As the title outlines, the story deals with the final days of Stalin’s life and the tumultuous aftermath of his death, as generals, ministers and assorted sycophants fall over themselves to head up the party and keep their own head off the chopping block. The slapdash ineptitude of the upper echelons of world politics and the relentless conspiring and plotting are reminiscent of his earlier work The Thick of It and its American offshoot Veep; the bloodshed and barbarity are not.
Whereas a gaffe or misstep in his previous television and film creations led to egg on the face, here it leads to blood on the carpet.
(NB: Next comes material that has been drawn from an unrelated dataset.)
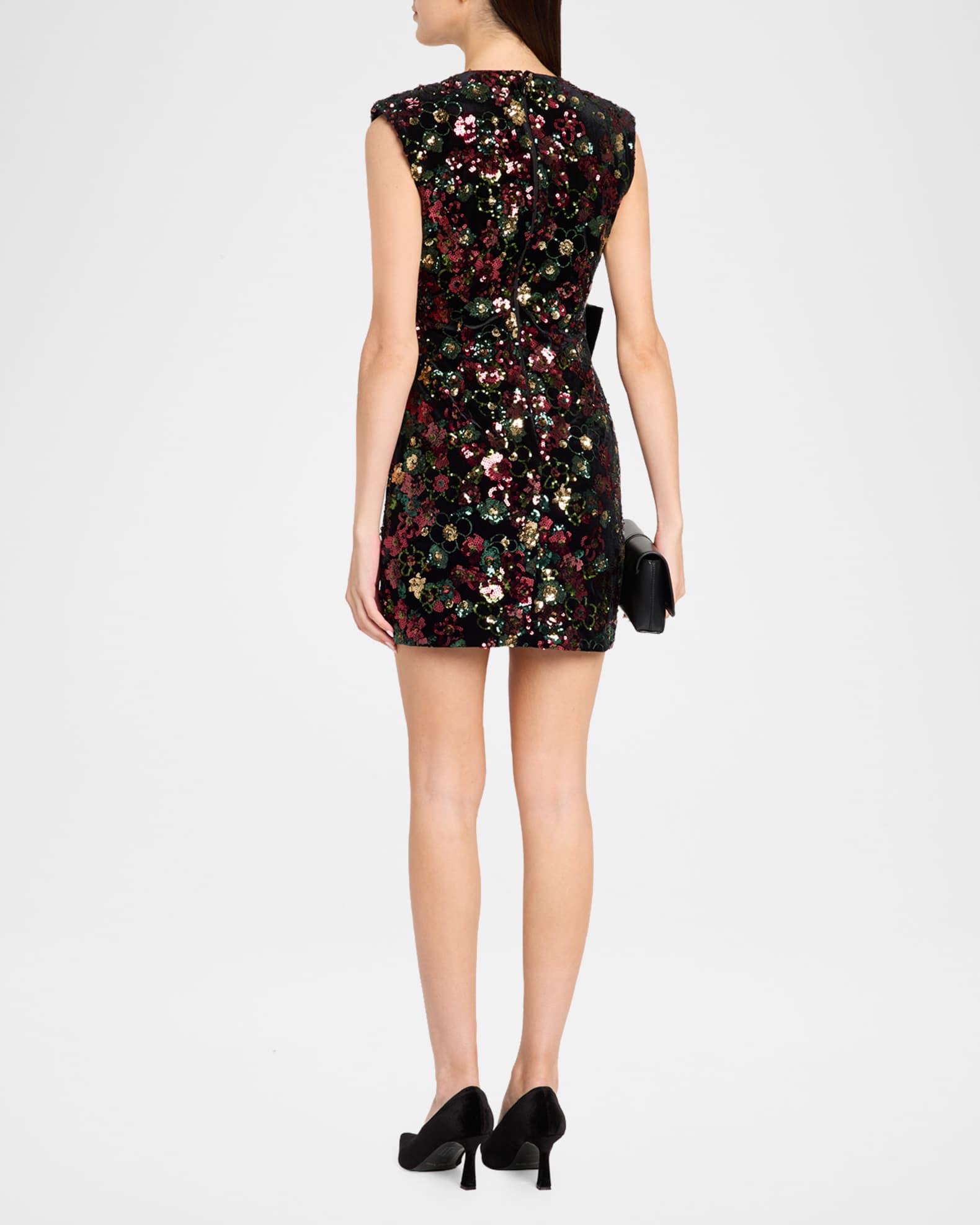 Ramy Brook Kimberly Plunging Floral Sequin Mini Dress | Neiman Marcus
The ruthless violence which acts as a backdrop (and a denouement) to the slapstick is intentionally jarring and raises uncomfortable questions about what is and isn’t okay to laugh at… but still elicits belly laughs by the barrel load all the same. Regardless of the moral ambiguity onscreen, the writing and characterisation is superbly poised.
This is, in large part, thanks to an unlikely but impeccable assortment of acting talent. Spearheading the savagery is Simon Russell Beale’s Beria, a heartless strategist with only his own welfare in mind. Steve Buscemi is in fine fettle as Kruschev, the watered-down but equally intractable and ruthless rival, while Jeffrey Tambor is the weak-willed deputy Malenkov who should never have succeeded to the hotseat. Michael Palin is a brilliantly befuddled slave to the party, willing to throw his wife and himself under the bus, while Andrea Riseborough and Rupert Friend play Stalin’s two children – one distraught, the other a dipsomaniac.
The chemistry between these superb actors is the bedrock for the comedy, and it’s lent an extra edge by the decision to take a page out of Sean Connery’s Hunt for the Red October book with regards to accents. There’s not a Russian inflection within earshot, and the incongruousness of American and English twangs is underscored by Jason Isaacs’ broad Yorkshire brogue as General Zhukov. As well as circling back to Iannucci’s earlier work, the English accents might even suggest parallels in today’s Western governments (though, thankfully, Theresa and even Trump are a far cry from the Great Terror).
It’s maybe this suggestion which is most terrifying of all. It has been said that laughter is the most powerful weapon against tyranny, but when that tyranny is armed to the teeth it might be difficult to maintain a comic demeanour. To his credit, Iannucci does an exemplary job of ridiculing those responsible, but when the laughter dies down, the dark brutality of human nature is still lurking in the shadows.